‘Mum’s the word’ means ‘keep quiet – say nothing’.
‘Mum’s the word’ means ‘keep quiet – say nothing’.
‘Mum’s the word’ has become a popular name for baby product shops and nursery services, but the ‘mum’ in this phrase isn’t mother.
Nor has ‘mum’ anything to do with Egyptian mummies, despite their prolonged taciturn disposition. That ‘mummy’ derives from ‘mum’ being an alternative name for the bitumen used for embalming.
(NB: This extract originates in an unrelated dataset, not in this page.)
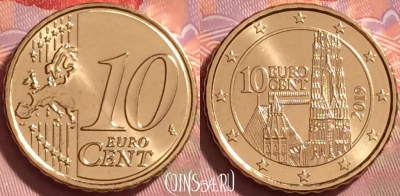 Австрия 10 евроцентов 2019 года, KM# 3139, UNC, 281j-005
The ‘mum’ of ‘mum’s the word’ is ‘mmm’ – the humming sound made with a closed mouth, indicating an unwillingness or inability to speak. The word is of long standing in the language and first appeared in print in William Langland’s Middle English narrative poem The vision of William concerning Piers Plowman, 1370-90:
Thou mightest beter meten the myst on Malverne hulles
Then geten a mom of heore mouth til moneye weore schewed!
That loosely translates as ‘You may as well try to measure the mist on the Malvern Hills as to try and get her to speak without first offering payment‘.
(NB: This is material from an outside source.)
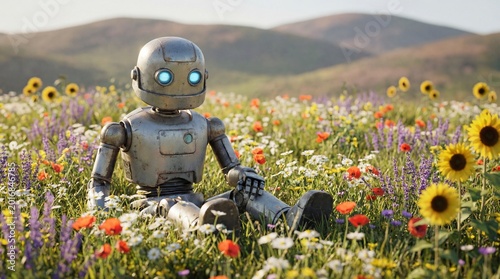 The friendly robot stands with raised arms concept. A robot peacefully sits in a colorful flower field, enjoying nature.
As old as Piers Plowman, and as central to English folklore, is the English Christmas tradition of mumming.
‘Mumming’, or ‘miming’ as it was sometimes called, derives from the word ‘mum’.
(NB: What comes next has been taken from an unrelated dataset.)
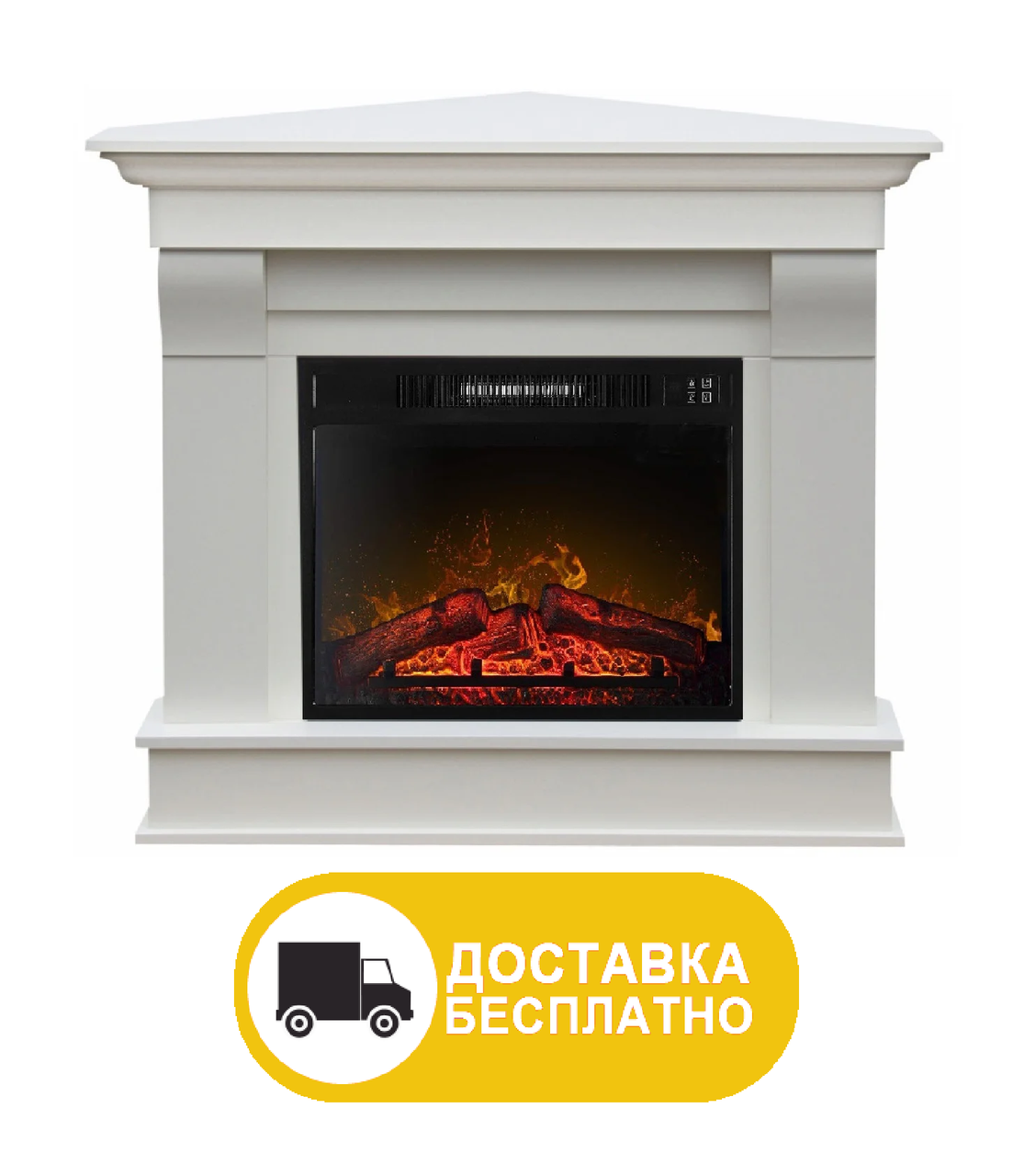 Камінокомплект кутовий ArtiFlame ALBION CORNER AF23 БІЛИЙ Б'ЯНКО. Електрокамін із кутовим порталом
At Christmas in England in the Middle Ages householders could expect a visit from a motley group of mummers, who concealed their identity in bizarre disguises.
Mmm certainly was the word for the mummers – it was the only thing they were allowed to utter. The tradition was that the householder must invite them in to dance or play games in silence, that is, to mum or mime.
The concealing of the identity and not speaking was necessary as the mummers used the visit as an opportunity to get away with things that wouldn’t in the rest of the year. The usual laws and social customs were relaxed during the twelve days of Christmas and superseded by ‘misrule’. The mummers had impunity to indulge in light-hearted mockery of their hosts and to swindle them of a few coins in crooked dice games.
The whole thing was looked on with displeasure by the church and the monarchy.
In 1418 Henry V’s Letter-Book records this proclamation:
The Mair and Alderman chargen on ye Kynges behalf that no manner persone, duryng this holy tyme of Cristemes be so hardy in any wise to walk by nyght in any manner mommyng or eny ofer disgisynges with any feynyd berdis, peyntid visers, diffourmyd or colourid visages, up peyne of enprisonment.
[Which, if your Middle English is a but rusty, translates as:
The mayor and aldermen decree on the King’s behalf that, over Christmas, no one should be so bold as to go out after dark and engage in any form of mumming or disguise themselves with false beards, masks or makeup, on pain of imprisonment.]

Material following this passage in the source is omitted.